The New York Times has an interesting graphic today charting the late Michael Jackson's musical career. The chart superposes the Billboard rankings of each of his hits over time as sparklines, and compares his output to that of The Beatles, U2, Mariah Carey, Usher and, perplexingly, Boyz II Men.
It's a nicely done chart, but what impresses me the most was the speed at which they put it out. (According to the dateline, it was published yesterday, hours after Jackson's death.) Either the NYT graphics department has applied the obituary model to quantitative graphics and has a chart like this cued up for every pop star, or they have some very powerful software and rich data stores. (I guess when Madonna gets hit by a bus we'll know the answer.)
Update: Well, we have an answer.

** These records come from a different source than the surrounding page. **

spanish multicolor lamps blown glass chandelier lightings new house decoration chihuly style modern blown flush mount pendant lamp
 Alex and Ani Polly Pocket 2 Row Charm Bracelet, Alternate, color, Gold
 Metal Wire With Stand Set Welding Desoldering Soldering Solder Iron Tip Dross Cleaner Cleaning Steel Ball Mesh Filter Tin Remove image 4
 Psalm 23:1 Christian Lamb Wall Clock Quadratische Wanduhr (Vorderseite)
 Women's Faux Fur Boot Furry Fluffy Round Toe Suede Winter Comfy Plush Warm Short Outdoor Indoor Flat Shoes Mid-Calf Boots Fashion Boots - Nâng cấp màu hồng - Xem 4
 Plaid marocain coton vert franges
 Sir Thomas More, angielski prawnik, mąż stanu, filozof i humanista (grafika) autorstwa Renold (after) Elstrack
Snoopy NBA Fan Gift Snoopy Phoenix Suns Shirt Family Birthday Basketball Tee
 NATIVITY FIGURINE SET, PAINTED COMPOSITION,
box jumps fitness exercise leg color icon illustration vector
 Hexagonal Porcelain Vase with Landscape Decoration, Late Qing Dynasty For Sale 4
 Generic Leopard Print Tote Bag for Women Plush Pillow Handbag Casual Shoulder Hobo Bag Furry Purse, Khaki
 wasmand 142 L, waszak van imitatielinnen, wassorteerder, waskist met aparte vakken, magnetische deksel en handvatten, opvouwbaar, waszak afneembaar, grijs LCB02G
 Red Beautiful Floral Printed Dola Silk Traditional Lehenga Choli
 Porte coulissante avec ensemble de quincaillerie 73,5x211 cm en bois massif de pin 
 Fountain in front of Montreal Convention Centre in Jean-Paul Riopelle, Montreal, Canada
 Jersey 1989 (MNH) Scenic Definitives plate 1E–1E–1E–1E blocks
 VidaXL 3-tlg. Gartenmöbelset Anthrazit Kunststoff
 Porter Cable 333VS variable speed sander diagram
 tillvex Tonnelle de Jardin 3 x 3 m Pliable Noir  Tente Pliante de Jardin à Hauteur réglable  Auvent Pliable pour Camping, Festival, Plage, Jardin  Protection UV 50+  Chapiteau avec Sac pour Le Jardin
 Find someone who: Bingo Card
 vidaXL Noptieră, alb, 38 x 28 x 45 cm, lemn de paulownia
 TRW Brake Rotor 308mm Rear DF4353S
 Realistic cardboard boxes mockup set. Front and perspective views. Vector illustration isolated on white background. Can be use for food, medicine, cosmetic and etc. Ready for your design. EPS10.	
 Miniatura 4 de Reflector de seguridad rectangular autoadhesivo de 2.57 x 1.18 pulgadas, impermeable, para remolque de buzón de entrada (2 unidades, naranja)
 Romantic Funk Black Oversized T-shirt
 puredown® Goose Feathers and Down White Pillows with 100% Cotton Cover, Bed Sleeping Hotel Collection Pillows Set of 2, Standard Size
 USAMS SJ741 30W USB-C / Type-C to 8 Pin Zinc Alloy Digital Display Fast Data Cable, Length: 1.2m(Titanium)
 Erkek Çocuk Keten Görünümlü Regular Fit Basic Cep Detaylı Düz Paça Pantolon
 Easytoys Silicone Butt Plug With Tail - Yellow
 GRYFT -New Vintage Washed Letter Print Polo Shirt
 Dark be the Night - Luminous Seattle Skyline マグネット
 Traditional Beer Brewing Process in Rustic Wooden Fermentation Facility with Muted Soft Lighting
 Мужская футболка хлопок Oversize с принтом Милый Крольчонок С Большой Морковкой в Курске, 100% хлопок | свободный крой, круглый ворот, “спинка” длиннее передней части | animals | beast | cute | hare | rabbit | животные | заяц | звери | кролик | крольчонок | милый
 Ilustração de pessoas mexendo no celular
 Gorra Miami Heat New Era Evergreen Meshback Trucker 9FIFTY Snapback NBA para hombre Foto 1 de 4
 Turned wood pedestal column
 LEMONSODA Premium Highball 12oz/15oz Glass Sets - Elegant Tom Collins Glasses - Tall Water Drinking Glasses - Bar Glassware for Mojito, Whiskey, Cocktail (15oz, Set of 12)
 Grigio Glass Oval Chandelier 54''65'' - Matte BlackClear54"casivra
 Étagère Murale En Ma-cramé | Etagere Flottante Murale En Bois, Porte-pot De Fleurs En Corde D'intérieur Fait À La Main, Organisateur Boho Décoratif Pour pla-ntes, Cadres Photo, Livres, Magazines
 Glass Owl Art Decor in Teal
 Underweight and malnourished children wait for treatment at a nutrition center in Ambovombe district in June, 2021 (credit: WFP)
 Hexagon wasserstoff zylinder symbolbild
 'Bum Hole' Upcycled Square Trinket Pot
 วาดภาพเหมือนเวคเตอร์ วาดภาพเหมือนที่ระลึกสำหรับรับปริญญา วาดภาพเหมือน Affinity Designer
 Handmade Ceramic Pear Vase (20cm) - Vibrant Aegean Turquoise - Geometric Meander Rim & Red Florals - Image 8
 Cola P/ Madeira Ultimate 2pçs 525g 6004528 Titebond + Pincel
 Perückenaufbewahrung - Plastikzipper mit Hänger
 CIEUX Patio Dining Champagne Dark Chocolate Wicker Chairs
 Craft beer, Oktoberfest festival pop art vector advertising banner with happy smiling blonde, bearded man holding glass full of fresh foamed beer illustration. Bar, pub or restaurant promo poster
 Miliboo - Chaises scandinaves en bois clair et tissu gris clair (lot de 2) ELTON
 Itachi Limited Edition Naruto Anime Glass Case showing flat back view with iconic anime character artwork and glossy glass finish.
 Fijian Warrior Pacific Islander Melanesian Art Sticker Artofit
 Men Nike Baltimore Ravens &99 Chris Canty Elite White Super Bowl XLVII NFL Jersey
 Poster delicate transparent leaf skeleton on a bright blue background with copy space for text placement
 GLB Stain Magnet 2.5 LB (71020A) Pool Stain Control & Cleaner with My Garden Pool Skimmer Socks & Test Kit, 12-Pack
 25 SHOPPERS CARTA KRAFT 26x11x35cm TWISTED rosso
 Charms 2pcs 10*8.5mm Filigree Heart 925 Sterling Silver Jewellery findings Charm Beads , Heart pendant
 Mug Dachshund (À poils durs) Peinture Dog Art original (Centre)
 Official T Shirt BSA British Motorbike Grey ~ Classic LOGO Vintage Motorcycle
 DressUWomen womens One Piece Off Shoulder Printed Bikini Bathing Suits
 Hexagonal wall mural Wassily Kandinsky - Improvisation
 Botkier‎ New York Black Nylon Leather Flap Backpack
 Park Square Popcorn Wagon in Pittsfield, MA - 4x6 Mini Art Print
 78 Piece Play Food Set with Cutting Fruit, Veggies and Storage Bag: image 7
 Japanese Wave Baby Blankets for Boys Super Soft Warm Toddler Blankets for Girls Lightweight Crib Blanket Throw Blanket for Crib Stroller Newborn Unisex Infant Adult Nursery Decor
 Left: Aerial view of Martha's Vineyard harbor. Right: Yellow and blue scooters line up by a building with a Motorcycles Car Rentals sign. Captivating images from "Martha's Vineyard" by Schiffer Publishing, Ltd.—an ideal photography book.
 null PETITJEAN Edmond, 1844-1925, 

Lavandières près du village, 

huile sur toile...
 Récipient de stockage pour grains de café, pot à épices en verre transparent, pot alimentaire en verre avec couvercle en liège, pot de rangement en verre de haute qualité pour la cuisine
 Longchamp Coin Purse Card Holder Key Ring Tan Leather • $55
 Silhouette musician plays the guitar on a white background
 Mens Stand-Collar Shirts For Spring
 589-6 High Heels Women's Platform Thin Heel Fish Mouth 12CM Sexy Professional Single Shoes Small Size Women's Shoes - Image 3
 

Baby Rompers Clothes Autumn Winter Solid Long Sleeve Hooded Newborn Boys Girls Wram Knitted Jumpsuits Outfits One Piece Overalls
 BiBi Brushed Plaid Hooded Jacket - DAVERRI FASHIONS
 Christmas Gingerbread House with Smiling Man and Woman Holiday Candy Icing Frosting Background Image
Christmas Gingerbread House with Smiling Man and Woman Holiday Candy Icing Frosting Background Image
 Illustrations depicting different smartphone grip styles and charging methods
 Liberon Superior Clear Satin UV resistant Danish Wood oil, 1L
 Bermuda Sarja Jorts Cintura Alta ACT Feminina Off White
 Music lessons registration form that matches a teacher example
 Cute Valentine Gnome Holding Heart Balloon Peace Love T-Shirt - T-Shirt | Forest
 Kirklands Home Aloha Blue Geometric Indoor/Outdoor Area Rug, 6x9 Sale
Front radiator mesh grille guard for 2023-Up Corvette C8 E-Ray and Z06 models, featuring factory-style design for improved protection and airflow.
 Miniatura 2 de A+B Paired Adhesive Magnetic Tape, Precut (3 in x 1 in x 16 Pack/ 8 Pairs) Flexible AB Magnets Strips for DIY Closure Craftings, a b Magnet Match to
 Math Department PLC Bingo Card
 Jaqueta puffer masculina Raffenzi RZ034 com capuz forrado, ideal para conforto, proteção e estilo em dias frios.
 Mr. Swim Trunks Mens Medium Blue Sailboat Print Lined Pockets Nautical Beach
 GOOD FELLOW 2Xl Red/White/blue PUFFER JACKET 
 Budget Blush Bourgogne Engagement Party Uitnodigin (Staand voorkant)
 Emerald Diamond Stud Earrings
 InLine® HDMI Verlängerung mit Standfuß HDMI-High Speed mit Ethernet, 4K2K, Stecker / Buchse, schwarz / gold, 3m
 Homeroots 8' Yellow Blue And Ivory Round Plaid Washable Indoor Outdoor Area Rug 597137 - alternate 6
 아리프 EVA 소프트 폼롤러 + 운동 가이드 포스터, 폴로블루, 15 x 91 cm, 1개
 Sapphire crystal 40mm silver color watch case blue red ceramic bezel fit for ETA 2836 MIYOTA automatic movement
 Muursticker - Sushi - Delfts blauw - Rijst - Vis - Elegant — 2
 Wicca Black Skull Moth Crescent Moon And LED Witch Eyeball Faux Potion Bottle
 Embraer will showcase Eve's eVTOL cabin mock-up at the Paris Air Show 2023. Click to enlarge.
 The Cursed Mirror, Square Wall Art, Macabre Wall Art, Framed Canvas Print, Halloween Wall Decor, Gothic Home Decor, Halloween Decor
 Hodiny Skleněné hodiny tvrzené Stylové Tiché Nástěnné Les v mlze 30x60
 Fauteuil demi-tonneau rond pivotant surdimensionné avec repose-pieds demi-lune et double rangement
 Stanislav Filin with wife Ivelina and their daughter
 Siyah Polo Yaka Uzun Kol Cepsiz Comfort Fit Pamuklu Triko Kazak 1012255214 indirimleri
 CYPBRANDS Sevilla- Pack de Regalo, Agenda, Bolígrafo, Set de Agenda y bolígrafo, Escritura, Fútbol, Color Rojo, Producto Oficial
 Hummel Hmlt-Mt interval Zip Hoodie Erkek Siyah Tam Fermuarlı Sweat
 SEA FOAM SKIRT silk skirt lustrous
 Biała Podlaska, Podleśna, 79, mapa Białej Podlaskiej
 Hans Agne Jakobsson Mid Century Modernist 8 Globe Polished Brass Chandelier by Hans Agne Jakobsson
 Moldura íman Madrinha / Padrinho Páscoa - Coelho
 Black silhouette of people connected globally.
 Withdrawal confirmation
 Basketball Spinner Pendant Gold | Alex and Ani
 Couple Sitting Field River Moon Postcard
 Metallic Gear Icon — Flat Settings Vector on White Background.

The NYT does have powerful software to create its graphics: R! Amanda Cox, a graphics editor at the Times (and collaborator on the MJ graphic), emailed me with the news:
I saw your blog post on the Michael Jackson chart in the New York Times today.
I thought it might amuse you to know that the charts were made in R.
(Then cleaned up in Illustrator and moved into Flash, but they started life in R.)
Thanks, Amanda! I've admired the NYT's amazing graphics for some time, but never knew R was involved. Count this as another example where R's power and rapid development lends itself to analysis of breaking news events.